# Notebook 05: Data merging and control variable construction

In [1]:
import pandas as pd
import numpy as np

load data

In [5]:
file_path = 'data/instrument_panel.csv'
df_panel = pd.read_csv(file_path)
df_panel['Month_ID'] = pd.PeriodIndex(df_panel['Month_ID'], freq='M')

In [6]:
file_path = 'data/final_broker_decoder_ring.csv'
df_shocks = pd.read_csv(file_path)

In [7]:
# keep relevant columns for merge
shock_map = df_shocks[['Identified_ID', 'Shock_Date', 'Broker_Name']].copy()
shock_map.rename(columns={'Identified_ID': 'Event_ID'}, inplace=True)

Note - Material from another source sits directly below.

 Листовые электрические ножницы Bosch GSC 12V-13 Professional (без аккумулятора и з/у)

# merge shock date into panel
df_panel = pd.merge(df_panel, shock_map, on=['Event_ID', 'Broker_Name'], how='left')
df_panel['Shock_Date'] = pd.to_datetime(df_panel['Shock_Date'])

In [8]:
file_path = 'data/monthly_outcomes.csv'
df_outcomes = pd.read_csv(file_path)
df_outcomes['Month_ID'] = pd.PeriodIndex(df_outcomes['Month_ID'], freq='M')

In [9]:
# merge
df_merge_1 = pd.merge(
    df_panel,
    df_outcomes,
    on=['CUSIP', 'Month_ID'],
    how='left'
)
print(f"Merged outcomes shape: {df_merge_1.shape}")

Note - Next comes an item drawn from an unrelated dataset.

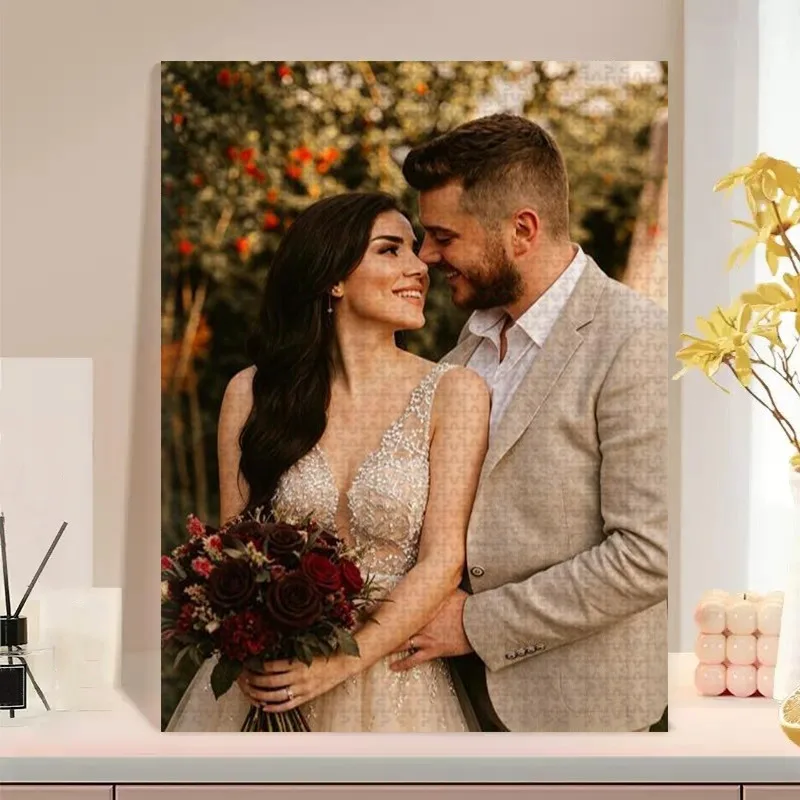 35/300/500/1000pcs Personalized Custom Photo Puzzle Couple Photos Multiple Sizes Available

Merged outcomes shape: (70344, 18)


In [10]:
file_path = 'data/compustat_annual.csv'
cols_comp = [
    'gvkey', 'tic', 'cusip', 'fyear', 'datadate',
    'at',      # Total Assets
    'ni',      # Net Income
    'dltt',    # Long Term Debt
    'dlc',     # Debt in Current Liab
    'prcc_f',  # Price Close (Fiscal)
    'csho',    # Shares Outstanding
    'ceq',     # Common Equity
    'xrd',     # R&D Expense
    'sich'     # Historical SIC Code (Industry)
]
df_fund = pd.read_csv(file_path, usecols=lambda x: x.lower() in cols_comp)
df_fund.columns = df_fund.columns.str.lower()

Construct control variables

In [11]:
# firm size = log(Total Assets)
df_fund['Size'] = np.log(df_fund['at'].replace(0, np.nan))

# return on assets = Net Income / Total Assets
df_fund['ROA'] = df_fund['ni'] / df_fund['at']

# leverage = (Long Term Debt + Current Debt) / Total Assets
df_fund['Total_Debt'] = df_fund['dltt'].fillna(0) + df_fund['dlc'].fillna(0)
df_fund['Leverage'] = df_fund['Total_Debt'] / df_fund['at']

# market-to-book = (Price * Shares) / Common Equity
df_fund['Mkt_Cap'] = df_fund['prcc_f'] * df_fund['csho']
df_fund['MTB'] = df_fund['Mkt_Cap'] / df_fund['ceq']

# r&d intensity = R&D Expense / Total Assets
df_fund['RnD_Exp'] = df_fund['xrd'].fillna(0)
df_fund['Opaqueness'] = df_fund['RnD_Exp'] / df_fund['at']

# industry fixed effects
# we use the first 2 digits of the SIC code (major group)
df_fund['Industry_SIC2'] = df_fund['sich'].astype(str).str[:2]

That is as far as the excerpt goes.